WHAT TO DO: Copy exactly the lines from the start of the data below through the one that carries "Final Fantasy –", and only those.

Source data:
━━━━━━━━

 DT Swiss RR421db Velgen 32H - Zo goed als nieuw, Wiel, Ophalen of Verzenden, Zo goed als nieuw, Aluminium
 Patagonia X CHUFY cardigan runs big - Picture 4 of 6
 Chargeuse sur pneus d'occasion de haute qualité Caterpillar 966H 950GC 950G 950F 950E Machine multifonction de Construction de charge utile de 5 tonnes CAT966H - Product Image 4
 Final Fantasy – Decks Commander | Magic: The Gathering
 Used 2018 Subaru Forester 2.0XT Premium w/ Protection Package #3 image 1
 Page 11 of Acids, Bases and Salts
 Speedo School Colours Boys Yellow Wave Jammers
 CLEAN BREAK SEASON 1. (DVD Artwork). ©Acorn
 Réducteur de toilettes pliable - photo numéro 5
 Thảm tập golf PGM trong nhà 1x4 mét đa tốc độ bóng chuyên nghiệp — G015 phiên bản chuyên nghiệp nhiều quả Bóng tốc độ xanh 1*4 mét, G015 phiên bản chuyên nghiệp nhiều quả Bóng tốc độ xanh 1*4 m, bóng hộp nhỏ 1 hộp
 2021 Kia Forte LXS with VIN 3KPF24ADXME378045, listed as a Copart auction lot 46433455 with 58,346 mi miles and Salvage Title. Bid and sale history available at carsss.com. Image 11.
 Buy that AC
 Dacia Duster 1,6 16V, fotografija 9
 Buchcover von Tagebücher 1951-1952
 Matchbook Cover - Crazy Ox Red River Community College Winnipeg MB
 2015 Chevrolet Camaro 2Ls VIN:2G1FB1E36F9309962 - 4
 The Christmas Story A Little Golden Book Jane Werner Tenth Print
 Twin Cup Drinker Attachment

━━━━━━━━

TASK OUTPUT:
 DT Swiss RR421db Velgen 32H - Zo goed als nieuw, Wiel, Ophalen of Verzenden, Zo goed als nieuw, Aluminium
 Patagonia X CHUFY cardigan runs big - Picture 4 of 6
 Chargeuse sur pneus d'occasion de haute qualité Caterpillar 966H 950GC 950G 950F 950E Machine multifonction de Construction de charge utile de 5 tonnes CAT966H - Product Image 4
 Final Fantasy – Decks Commander | Magic: The Gathering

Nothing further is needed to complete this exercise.